Jugoslawien/Italien/UK 1988
Regie: Emir Kusturica
Darsteller: Davor Dujmovic, Bora Todorovic, Ljubica Adzovic, Sinolicka Trpkova, Elvira Sali

Handlung: Sarajevo in den 80er Jahren: Der junge Perhan (Davor Dujmovic) wächst unter bescheidenen Bedingungen mit seiner Großmutter und seinen Geschwistern in einer heruntergekommenen Vorstadtsiedlung auf. Er beginnt eine Affäre mit der gleichaltrigen Azra (Sinolicka Trpkova) und hält um ihre Hand an, kann jedoch deren Mutter nicht ausreichend von sich und seinen Zukunftsaussichten überzeugen. Nachdem Perhans Großmutter (Ljubica Adzovic) mit ihren übernatürlichen Kräften das Leben des Sohnes von Gansterboss Ahmed (Bora Todorovic) gerettet hat, möchte sich dieser revanchieren. Daher bringt er Perhans kranke Schwester Danira (Elvira Sali) in das Krankenhaus von Ljubljana und nimmt bei dieser Gelegenheit auch Perhan mit nach Italien, um diesem eine lukrative Beschäftigung im Bereich der organisierten Kriminalität zu ermöglichen. Der schüchterne Perhan steigt schon bald darauf in der Bandenhierarchie auf und findet Gefallen an seinem neuen Leben in Luxus und Dekadenz, sehr zum Entsetzen seiner Großmutter...


Nachdem ich mittlerweile schon so einige Filme aus dem ehemaligen Jugoslawien und auch von Kusturica gesehen habe, muss ich zugestehen, dass ich eigentlich insgeheim vermutete, mich würde kaum noch etwas so wahnsinnig überraschen und begeistern. Dass "Wer singt denn da?" und "Underground", oder auch "Dörfer in Flammen" schon so ziemlich das Nonplusultra aus dem Bereich sei. Dass diese unglaubliche Flut an monumentalen Meisterwerken, die einem über Jahre hinweg verborgen geblieben sind doch irgendwann einmal enden müsse. Dass so eine relativ überschaubare regionale Filmindustrie doch nicht einfach unendlich viele großartige Filme hervorbringen könne. Was glauben die, wer sie sind, Dänemark?
Und dann kommt dieser Kusturica mit seiner Blaskapelle um die Ecke, zieht Dir von hinten den Stuhl weg und tritt Dir noch einmal so richtig in die Fresse! Die Ignoranz und Unwissenheit des inzwischen vollgefressenen Möchtegern-Cineasten sind um ein weiteres mal sensationell bloßgestellt worden. Ich hatte Unrecht und werde nie wieder den Fehler machen, Kusturica (wenn auch nur heimlich) zu unterschätzen. Der Mann ist ein absolutes cineastisches Genie und seine Werke gehören dementsprechend mit den höchsten Würden ausgezeichnet und zelebriert.

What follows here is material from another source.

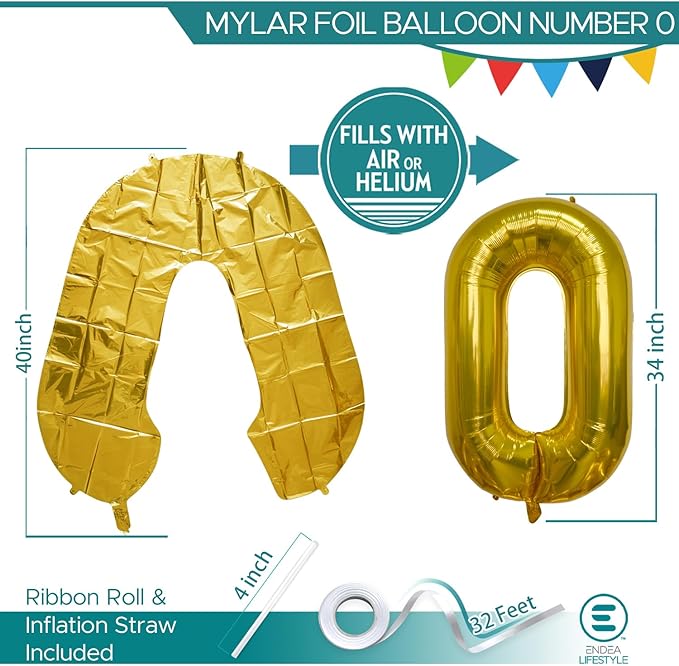 40 Inch Large Gold Number Celebration and Decoration Balloon for Birthday Parties, Graduations, Anniversaries, Weddings, Photo Shoots, Special Events - Helium Foil Mylar (Gold Number 0)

So auch in diesem Fall. Dieser Film ist ein bisschen wie eine Schachtel Pralinen. Ich hatte eigentlich überhaupt keine Ahnung, was mich erwartet. Aber jedes einzelne Stück war einfach unglaublich köstlich.
Zwar sehen wir auch hier wieder den Blaskapellen-Overkill, wie in Kusturicas anderen Filmen. Aber der Soundtrack geht in seiner Variabilität weit darüber hinaus und ist in diesem Fall unglaublich abwechslungsreich und herausragend ausgewählt.
Zwar sind die Charaktere mal wieder ziemlich überzeichnet, aber gleichzeitig zeigen sie auch viel Tiefe und man kann sich teilweise sehr gut mit ihnen identifizieren.
Der Film hat stille und geheimnisvolle Momente, die sehr zum Nachdenken anregen.
Er hat aber auch sehr opulente und rauschhafte Momente, in denen alltägliche Szenen, wie Hochzeiten (offenbar ein immer wiederkehrendes Thema bei Kusturica), Beerdigungen und Messerkämpfe wie monumentale religiöse Rituale zelebriert werden.
Bei einigen Szenen fühlte ich mich visuell und atmosphärisch an "Es war einmal in Amerika" und auch an "Apocalypse Now" erinnert.
Das ganze wurde mit Laiendarstellern umgesetzt, die zu diesem Zeitpunkt vollkommen unbekannt waren, die aber teilweise durch diesen Film ihren Weg in die Filmindustrie geschafft haben.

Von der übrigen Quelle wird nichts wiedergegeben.